20.11.03

A GRANDE METÁFORA

el fútbol es popular porque la estupidez es popular
Jorge Luis Borges

Tá. Eu certamente sou o único apreciador das metáforas do “dignífimo” Presidente. Podem me atirar os ovos e tomates, pois nessa época de crises o omelete com catchup será bem vindo. Mas, admito, eu acho todas as metáforas presidenciais lindas, claras e cristalinas. Com a simplicidade de um sólido euclidiano. Gosto muito das metáforas botânico-agrárias e também das de economia doméstica, todas muito simpáticas. Mas aprecio principalmente as metáforas futebolísticas. Tenho certeza que quase tudo na economia e política pode ser explicado e entendido por metáforas futebolísticas. E todo o resto que não pode ser explicado pela metáfora futebolística ou não vale a pena ser compreendido ou é só embromação mesmo.

E não é só política e economia, não. Se examinarmos com cuidado veremos que todas as grandes problemáticas humanas são encenadas por atores de caneleiras. A técnica, a tática, a malícia, a sorte, a superação do limite, a relação do Homem com as leis, sua interpretação e aplicação estão todas embutidas no Futebol. Está tudo lá dentro das quatro linhas de cal, nos estádios, nas concentrações, nas intermináveis e aparentemente irrelevantes discussões mesas-redondas. Uma dúvida banal: escalar o jogador talentoso ou aquele que cumpre bem as determinações táticas? É retomar a questão do Individual X Coletivo, qual é o mais importante? Ao se discutir a última escalação do Parreira estamos revivendo o eterno embate entre Hobbes e Locke. O Futebol é definitivamente a Grande Metáfora.

O Futebol pode ser entendido pelo prisma opaco da fofoca, ou seja, da mera comparação de modelos de comportamentos quando julgamos o caráter de um jogador, treinador ou dirigente. Porém ele pode ser compreendido também, como fez Nelson Rodrigues, no seu sentido épico-literário, em que mais que a cartase de teatro grego, são recriadas constantemente no gramado verdadeiras Ilíadas com Aquiles, Heitores e Rovilsons, seja num Maracanã lotado ou num campo da várzea.

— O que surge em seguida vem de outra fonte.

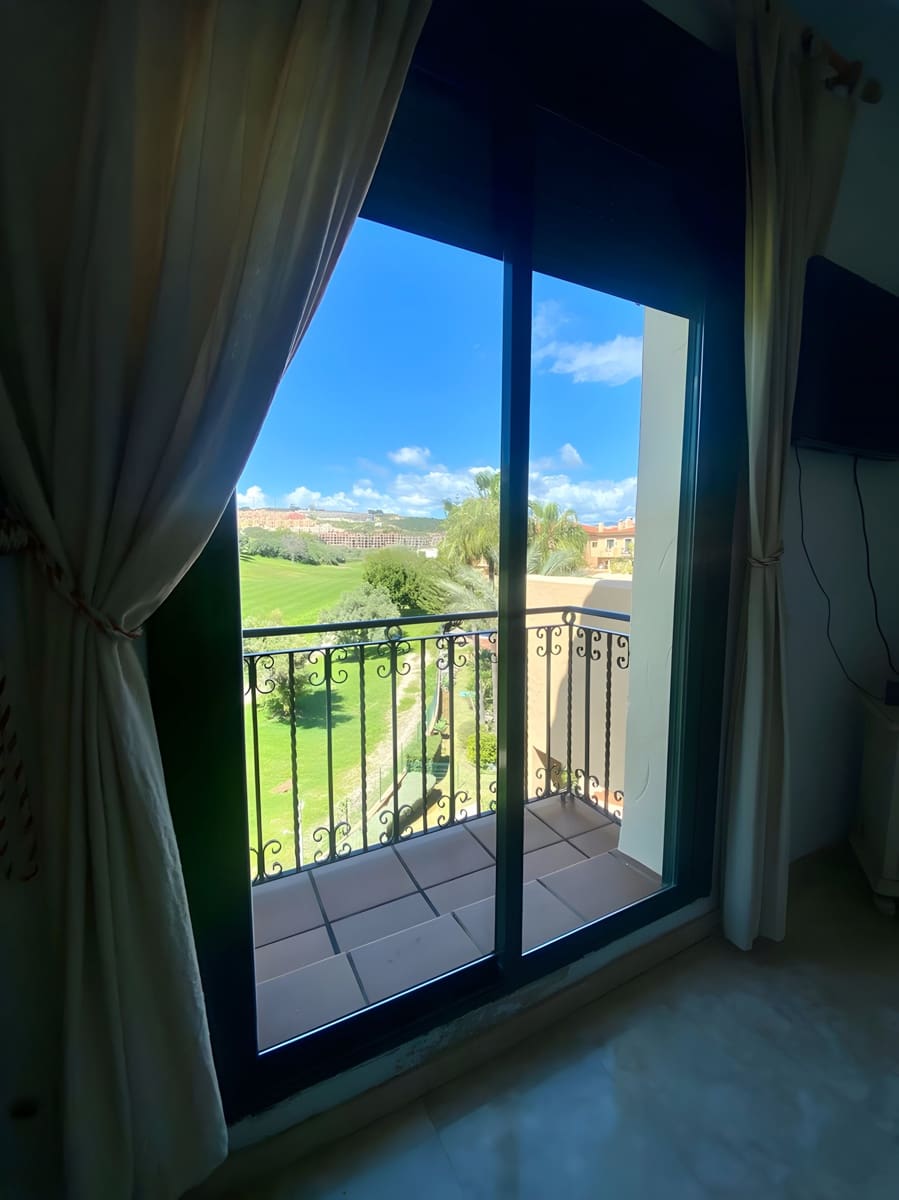 Apartamento de 3 habitaciones en La Duquesa / Puerto de la Duquesa en venta con piscina garaje - 310.000 € (Ref: 9040322)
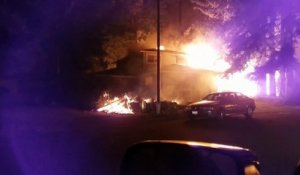 Cet américain filme sa maison détruite par les flammes a Santa Rossa - Californie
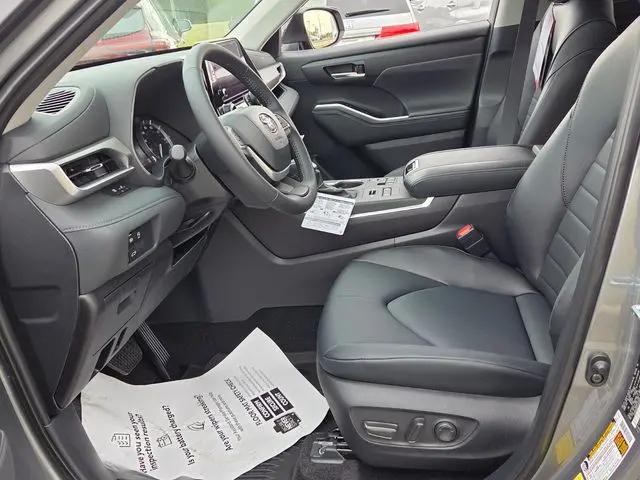 2026 Toyota Highlander XLE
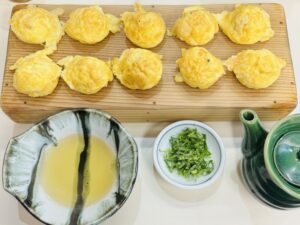 明石焼き。ふわふわの卵生地にタコを包み、だしにつけて食べる兵庫県の郷土料理。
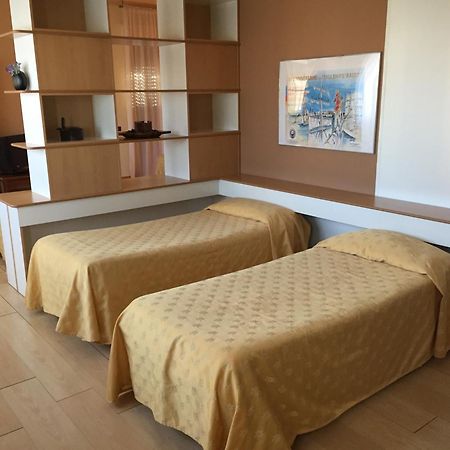 Nuovo Hotel Виджевано Стая снимка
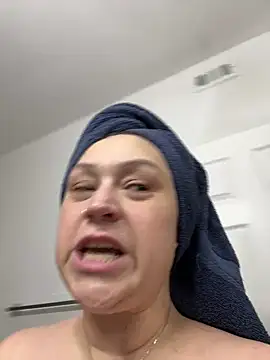 AlyssiaAmoreXO live sex cam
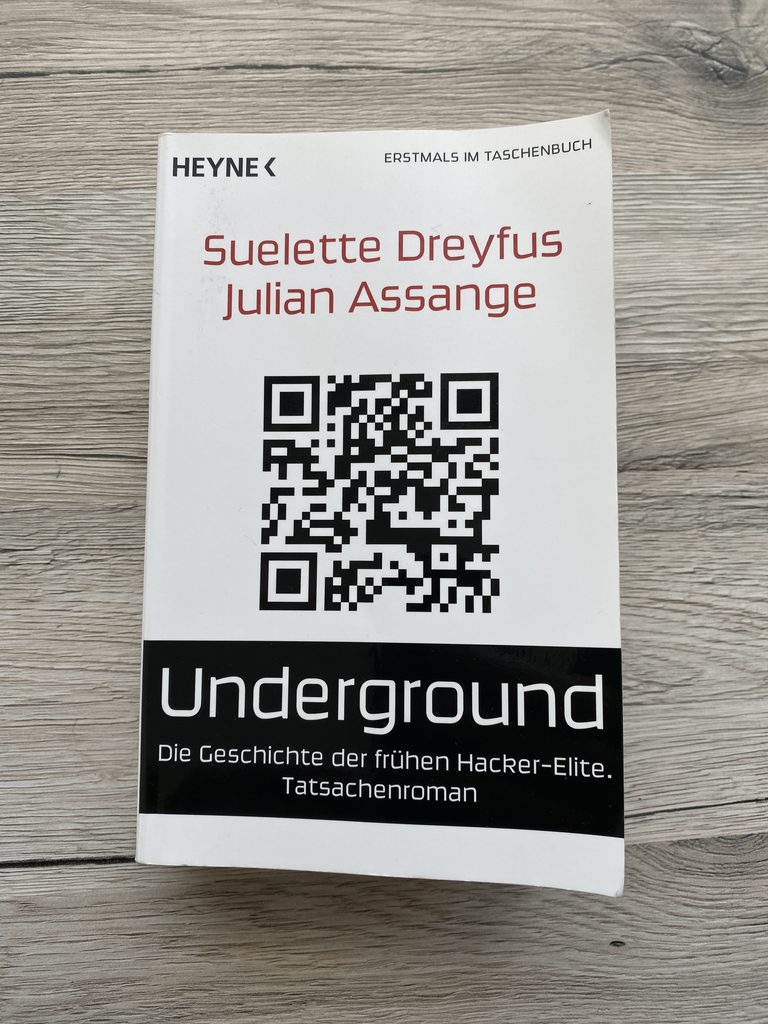 Hacker-Underground.

Die Geschichte der frühen Hacker-Elite. Buchvorderseite.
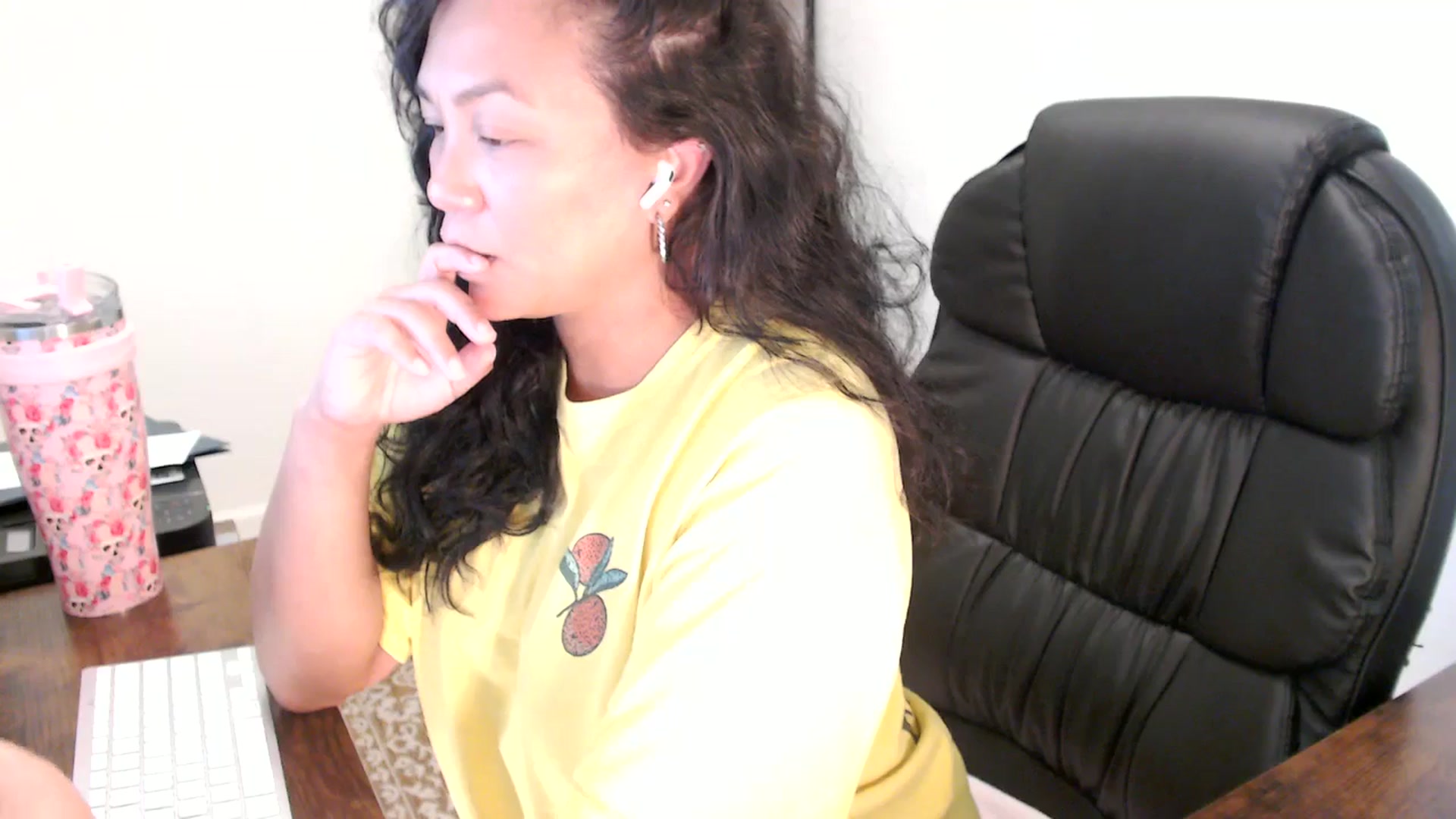 Gallery image thumbnail from MickaylaStar's myfreecams stream on, 09/08/2025, 18:29 image 15 of 20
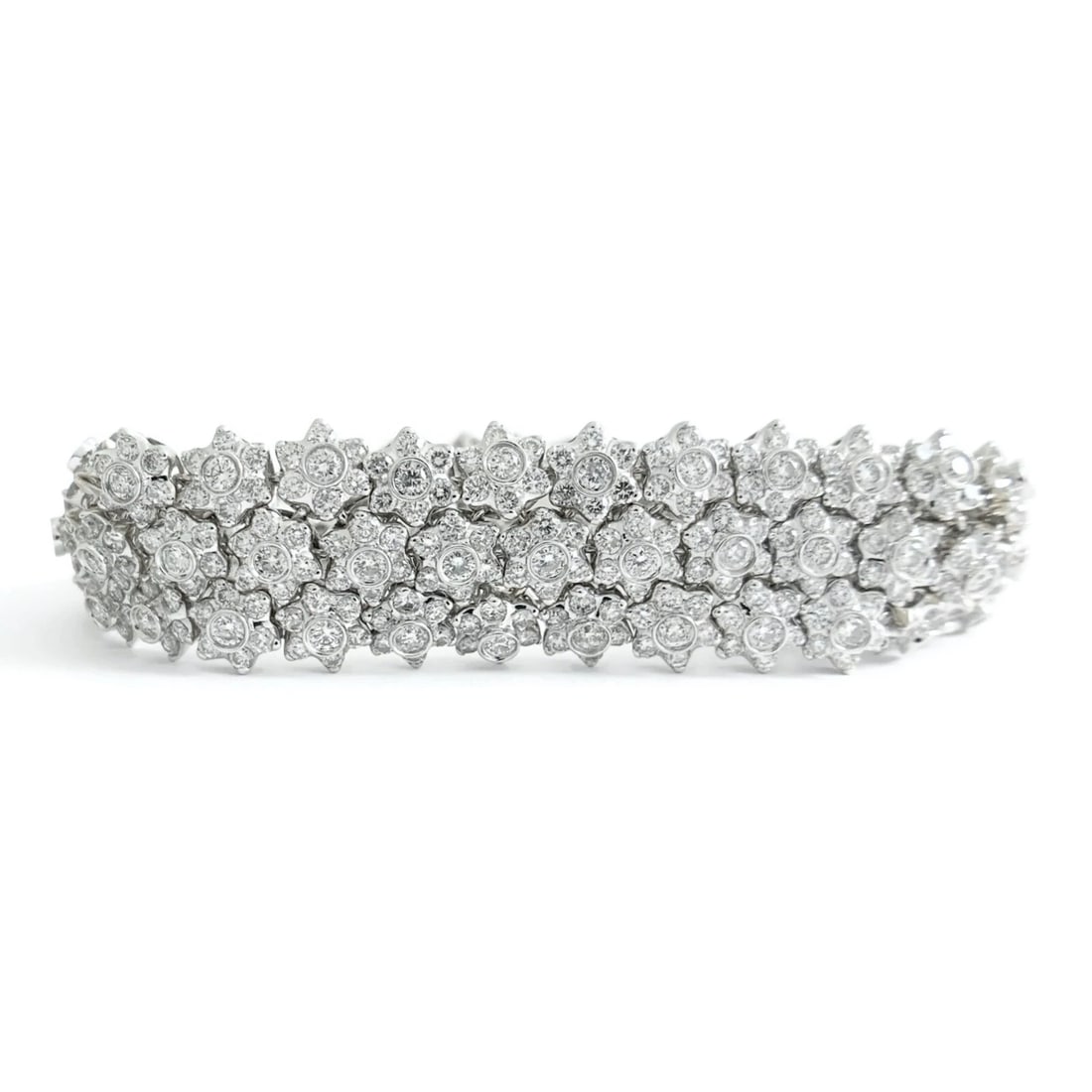 WIDE FLOWER MESH DIAMOND BRACELET 18K WHITE GOLD: Wide Flower Mesh Diamond Bracelet 18K White Gold Brand: Unbranded Type/Style: Bracelet Material: 18K White Gold, Main Stone/Creation Natural Color: Silver Size: Length: 7 inches Width: 17.5 mm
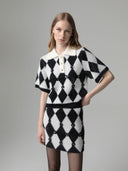 PULLOVER CROP MEZZA MANICA CON APPLICAZIONE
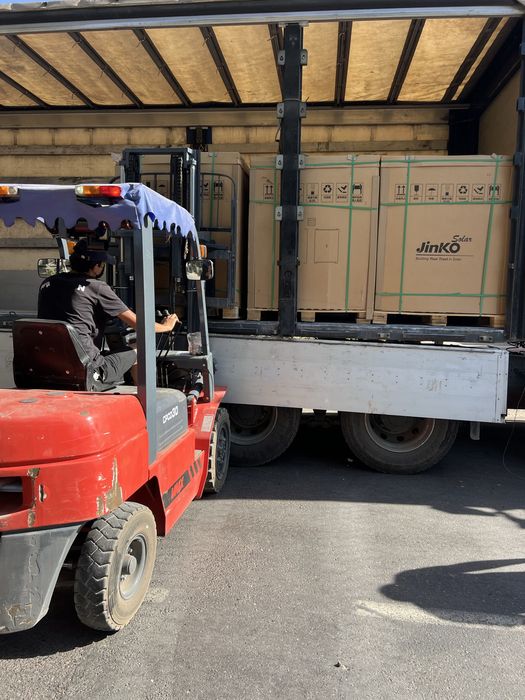 Quyosh panel va invertorlar ustanofkasi bilan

Existem também críticas sérias ao exagero da metáfora futebolística. O Umberto Eco, que não é nenhum entusiasta do esporte bretão, tem um texto no Viagem na Irrealidade Cotidiana que conta como as discussões sobre futebol na Itália - corria 1978 - iam substituindo as discussões sobre os ataques das Brigadas Vermelhas e as verdadeiras querelas políticas. Nas mesas-redondas sobre futebol se permitiria brincar de gerir a Coisa Pública sem os dilemas da discussão política. É o lado ruim da alegoria futebolístia: quando a metáfora acaba eclipsando o metaforizado. O que é extremamente comum.

No entanto, curiosamente também neste texto, Eco relata a sua primeira ida a um estádio de futebol com seu pai. Ele diz que ao ver um estádio com dezenas de milhares de pessoas sentadas em torno de um gramado onde um punhado de pessoas se esforçava para dar um pontapé em uma bola, ele teve a sua primeira crise religiosa e duvidou da existência de Deus. Sob a luz enregeladora do sol do meio-dia se desenrolava um "espetáculo cósmico sem sentido", aquilo que Ottiero Ottieri teria chamado de Sentimento da Irrealidade Cotidiana. E, curiosamente, também para nosso caro semiólogo, o futebol, em seu avesso, serviu para um momento de total epifania Lispectoriana.

Enfim, para resumir: creio que o importante é saber que ao discutir o futebol, estamos sempre discutindo uma Outra Coisa. Seja como tragédia épica, pantomima ou um caótico balé niilista, o futebol está sempre nos representando de alguma forma. Digníssimo presidente, o senhor tem toda a razão: O Futebol é, sem dúvida, a Grande Metáfora. E bola pro mato, que o jogo é de campeonato!